An Unexplained Death by Mikita Brottman

An Unexplained Death by Mikita Brottman

Author:Mikita Brottman
Language: eng
Format: epub
Publisher: Henry Holt and Co.


The Owl Bar, 1934

“So Agora doesn’t employ any secret agents?” I ask him, slightly disappointed.

“No. In fact, Agora themselves circulate such rumors in order to give readers of their otherwise very mundane investment letters the impression that the company is connected to all these underground sources of knowledge.”

“So it’s just a sales tactic,” I say.

“Correct,” says Carlos. “Everything else is nonsense.” He gives me a sly smile. I am not sure what it is, but something about him wins my trust.

* * *

I email Jayne Miller and ask whether I can speak to her again about Rey Rivera’s death. She agrees, and gives me a time to call. A week later, we talk on the phone.

She has no memory of speaking to me before. This is hardly a surprise, considering the number of people she must speak to every day. But I am taken aback to learn that she barely seems to remember the case itself.

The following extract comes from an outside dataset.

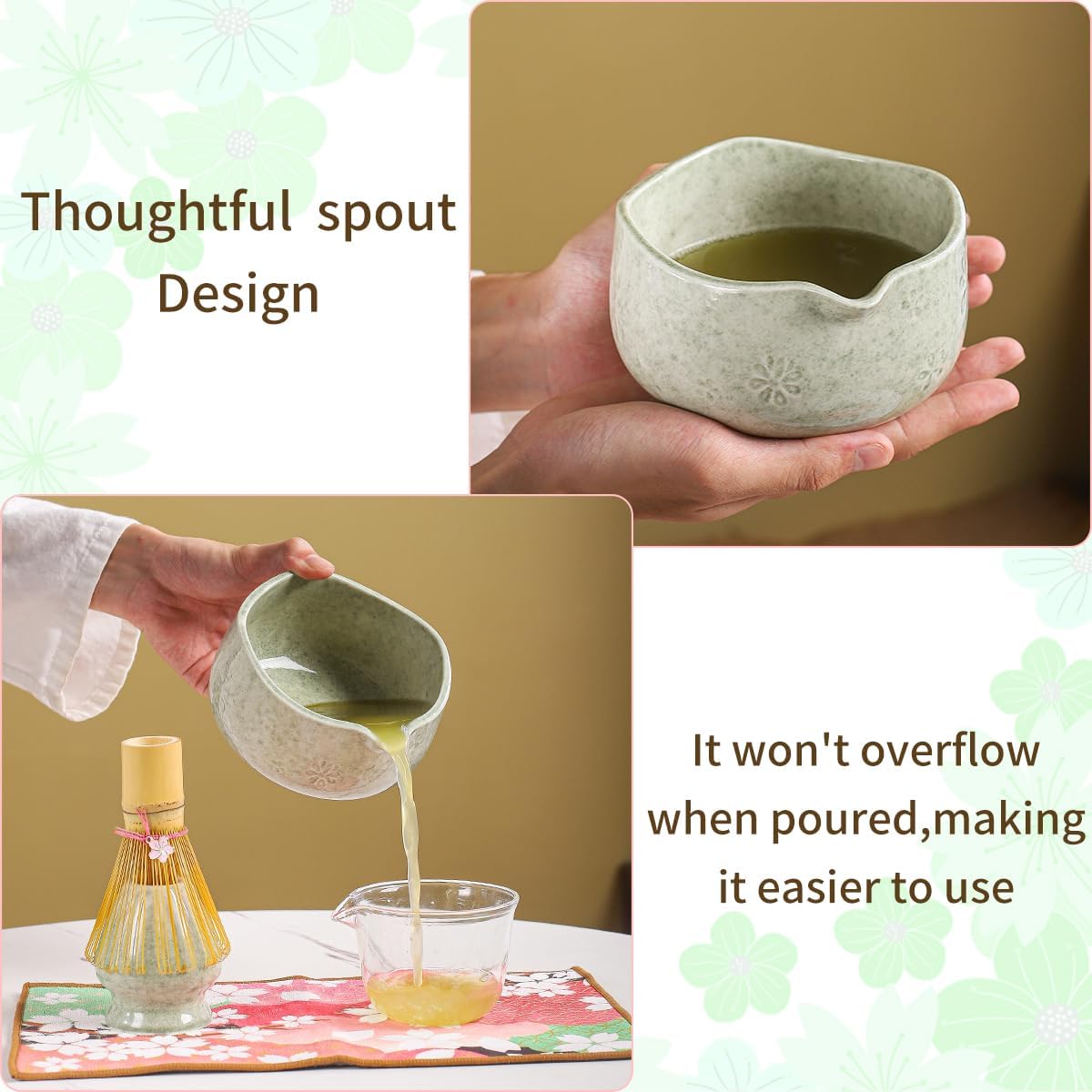 Handcrafted Matcha Bowl Set 8pc - Japanese Style Ceramic Chawan Tea Cups with Floral Art & Wavy Rim | Complete Matcha Tea Ceremony Kit in Premium Gift Box (green)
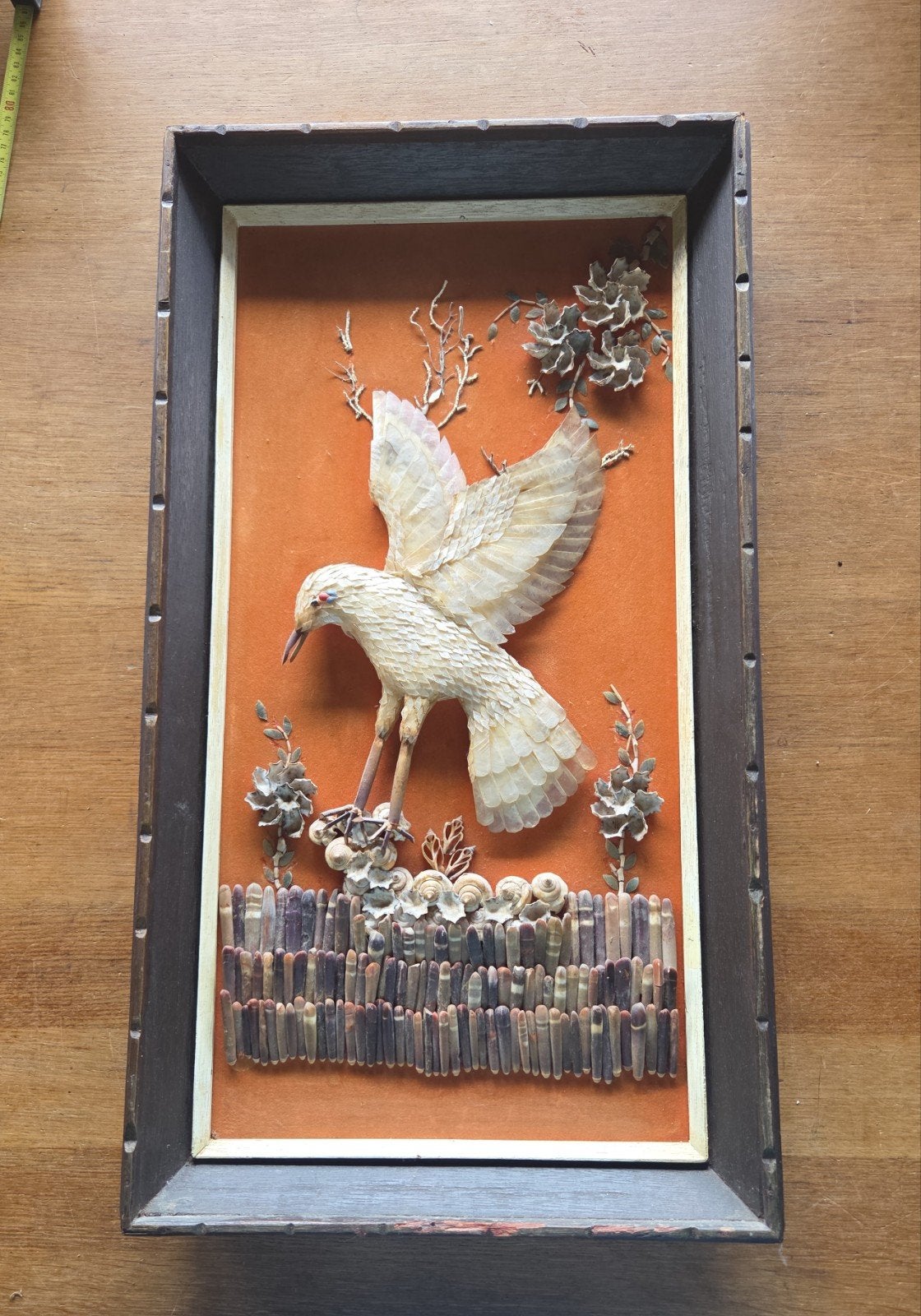 vintage schelpenschilderij shell art vogel, Antiek en Kunst, Overige herkomsten, Ophalen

After we hang up, I realize that, as an investigative journalist, Miller must cover many different stories every month, whereas for me, it is always the same story over and over again. But then I recall the words she used when we last spoke: “This is one of the most mysterious incidents I’ve ever encountered in thirty-five years as an investigative reporter.” Was she exaggerating? If not, how can she have forgotten everything so completely?

When we speak on the phone, Miller tells me that most of her notes on the case come from her conversations with Michael Baier, one of the two homicide detectives initially assigned to investigate Ray Rivera’s death.

Miller recalls that Baier was reassigned because his superiors thought he was spending too much time on the case, investigating it as a homicide when everybody else thought it was a suicide. She noted that Baier thought the story was a lot more complicated than Rey just going off the roof. There is no evidence that he slipped. Rey’s wife knows Baier and has kept in touch with him. She also made a note of the fact that Baier thought it was important that Rey was a movie writer, and that he traveled a lot. Baier, she recalled, thought the case was too overwhelming for the Baltimore police to sort out. She also noted that Rey was a swimmer.

Might he have thought the Belvedere’s swimming pool was still in use?

I sense Miller is short on time. I ask her if she recalls anything else that might be important.

She continues to read aloud from her notes: “Baier thinks Rey’s death may be connected to the Nicaragua situation. Agora was doing some development deal in Nicaragua at the time.”

Then she pauses again.

“I have to be careful here,” she says. “I assume you know about the SEC injunction against Stansberry?”

“Yes,” I say.

“Well, in a news piece I did on the case for WBAL, I made a putative connection between Rivera’s death and the SEC conviction, and right after it aired I got an angry email from Agora’s lawyers.